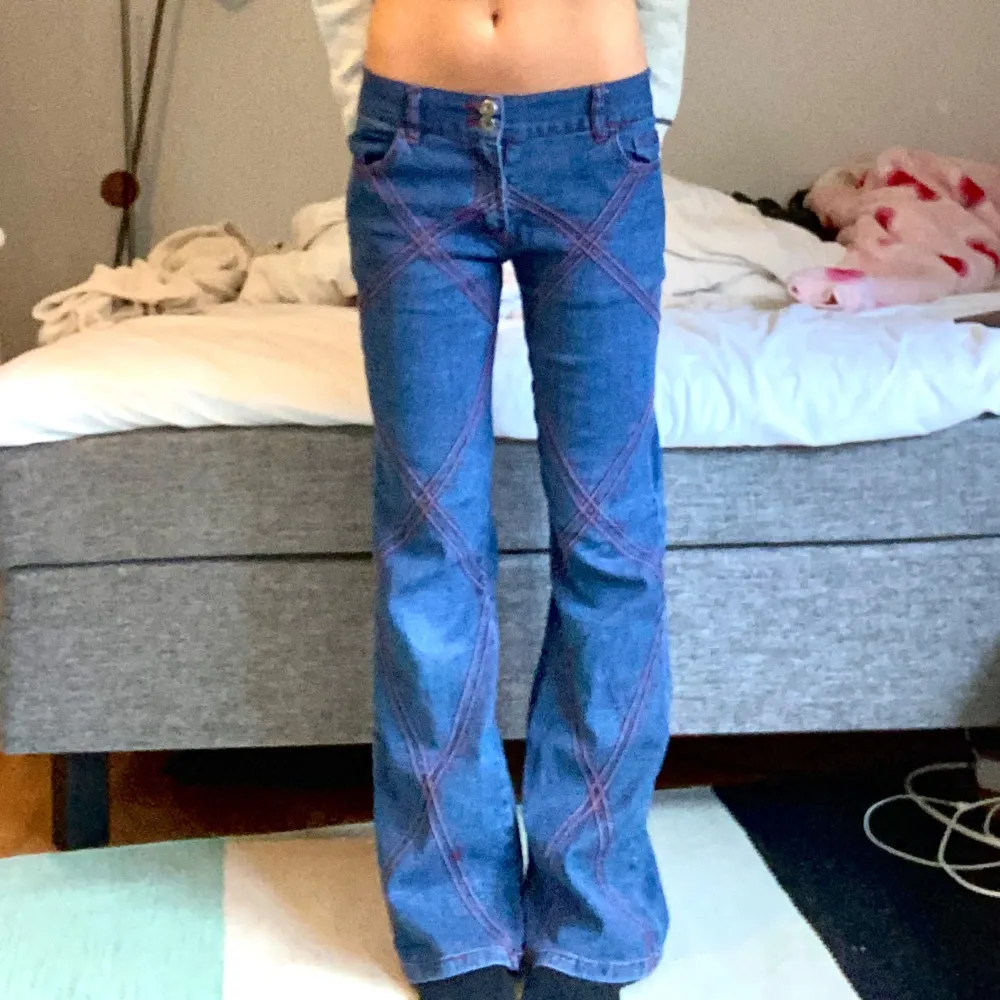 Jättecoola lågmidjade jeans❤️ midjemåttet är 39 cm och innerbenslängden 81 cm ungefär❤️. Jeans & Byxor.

==

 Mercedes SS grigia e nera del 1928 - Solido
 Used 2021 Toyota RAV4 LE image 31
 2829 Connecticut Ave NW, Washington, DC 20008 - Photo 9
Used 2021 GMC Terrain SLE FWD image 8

* * *

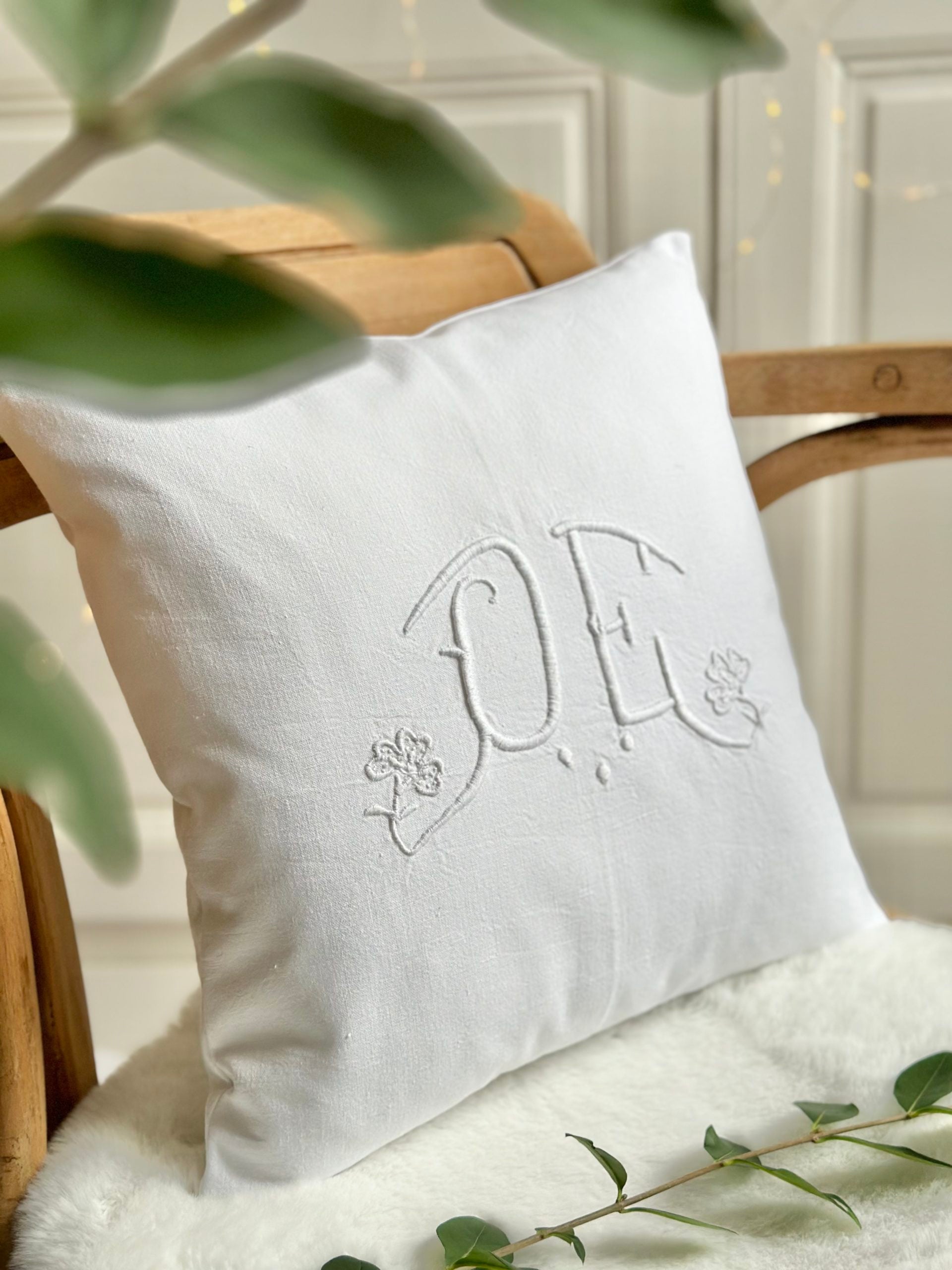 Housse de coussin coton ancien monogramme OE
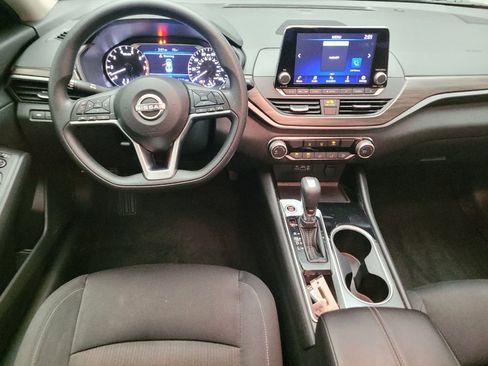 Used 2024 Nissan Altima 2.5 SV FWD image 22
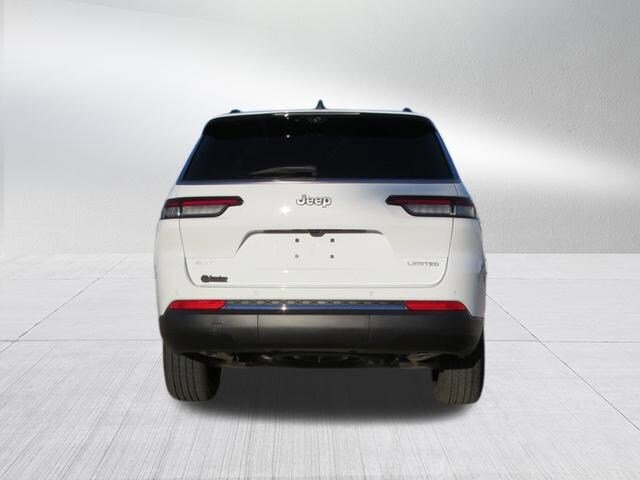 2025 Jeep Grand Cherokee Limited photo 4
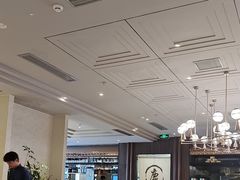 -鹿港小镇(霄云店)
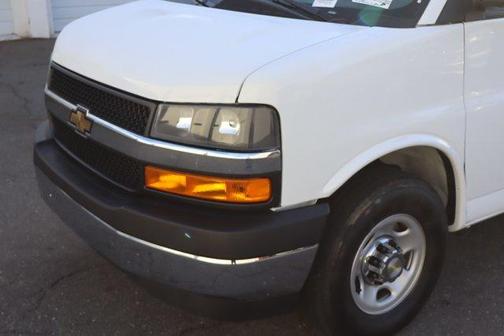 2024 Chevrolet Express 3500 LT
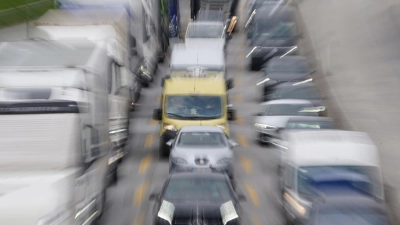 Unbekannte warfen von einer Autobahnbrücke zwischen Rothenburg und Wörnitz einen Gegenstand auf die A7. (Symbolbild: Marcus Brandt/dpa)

## Exercise directions
Pictures excluded, transcribe the listing above exactly from the line with "2025 Jeep Grand Cherokee Limited photo 4" through the line with "Unbekannte warfen von", and no further.

## Result of the exercise
 2025 Jeep Grand Cherokee Limited photo 4
 -鹿港小镇(霄云店)
 2024 Chevrolet Express 3500 LT
 Unbekannte warfen von einer Autobahnbrücke zwischen Rothenburg und Wörnitz einen Gegenstand auf die A7. (Symbolbild: Marcus Brandt/dpa)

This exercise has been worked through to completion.